Authors:
Ehssan Khan
Benjamin Consolvo
With the launch of the C4 series, Google Cloud now offers access to Intel® Xeon® 6 with P-cores (code-named Granite Rapids) CPUs. These processors are well-suited for a variety of workloads, including agentic AI systems—particularly those that rely on small and medium language models with fewer than 20 billion parameters.
In this walkthrough, we’ll show how to build a basic agentic AI solution using CPUs on Google Cloud, combining LangChain for agents and orchestration, self-hosted Model Context Protocol (MCP) servers, and vLLM for efficient model serving.
Selecting Google Cloud Virtual Machine
To launch a CPU virtual machine, you’ll need a Google Cloud account with billing enabled. Visit cloud.google.com, navigate to Compute Engine, enable the API, and click Create Instance.
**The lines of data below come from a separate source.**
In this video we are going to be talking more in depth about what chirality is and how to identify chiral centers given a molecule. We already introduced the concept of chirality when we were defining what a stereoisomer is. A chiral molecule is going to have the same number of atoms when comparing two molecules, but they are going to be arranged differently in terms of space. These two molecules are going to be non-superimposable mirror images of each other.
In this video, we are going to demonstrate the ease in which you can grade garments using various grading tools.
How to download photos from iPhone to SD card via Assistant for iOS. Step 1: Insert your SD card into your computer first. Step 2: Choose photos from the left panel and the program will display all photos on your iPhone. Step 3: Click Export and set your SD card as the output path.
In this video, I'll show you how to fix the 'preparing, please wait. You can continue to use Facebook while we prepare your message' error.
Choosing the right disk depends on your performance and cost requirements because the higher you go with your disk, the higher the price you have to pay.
For this guide, we chose the c4-highmem-48-lssd (x86, Intel) configuration with 24 physical cores and 372 GB of memory. If your workload requires more compute or memory, you can scale up to other options with more memory and cores.
Figure 1: Creating a Virtual Machine (VM) on Google Cloud
By default, the VM’s boot disk is set to just 10 GB, which is insufficient even for basic installation files. Before creating the VM, navigate to the OS and storage section and increase the disk size to 500 GB to ensure adequate space for dependencies and model files.
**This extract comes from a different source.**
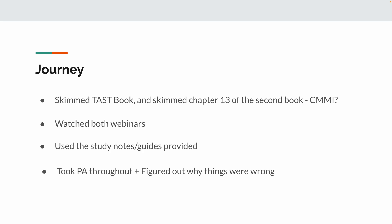Now, I then took the practice assessment throughout this whole process. I did it before. I did it after the webinars and whatnot. But at some point, I figured out why everything I got was wrong and why everything I got was right. So what I mean by that is if you saw a question that says, is functional testing white box or black box? I'm kind of making something up. That's probably a bad example. All right, let me give you a different example.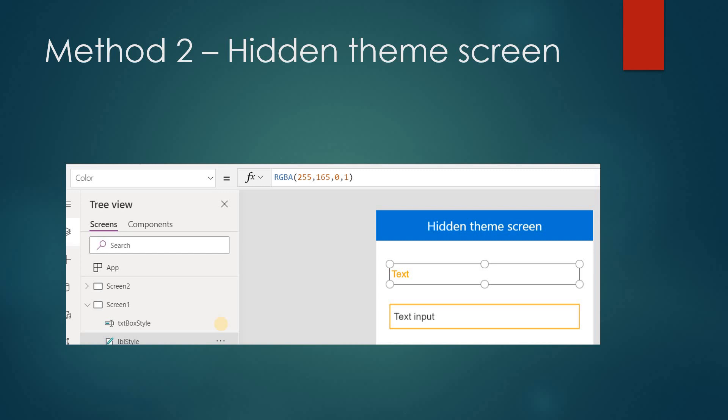Then in the form, wherever there is a label, you select it and in place of the color property put LVL_Style.Color. So automatically, whatever color you have assigned there, all labels in the form will change with that color. Tomorrow, maybe your company's branding color is getting changed — from orange to yellow or red. Whenever you change it there, everything will get changed.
Once the VM is created, you can connect via SSH using the command provided in the Google Cloud Console. The SSH command should look something like this:
gcloud compute ssh --zone "us-central1-a" "instance-20250729-191625" --project "dcg-xeon-ai-intel" |
You can use any terminal or the Cloud Shell Editor, which provides a familiar VS Code-like interface directly in your browser. Google Gemini is integrated into the console and can assist with code generation and debugging based on your terminal output.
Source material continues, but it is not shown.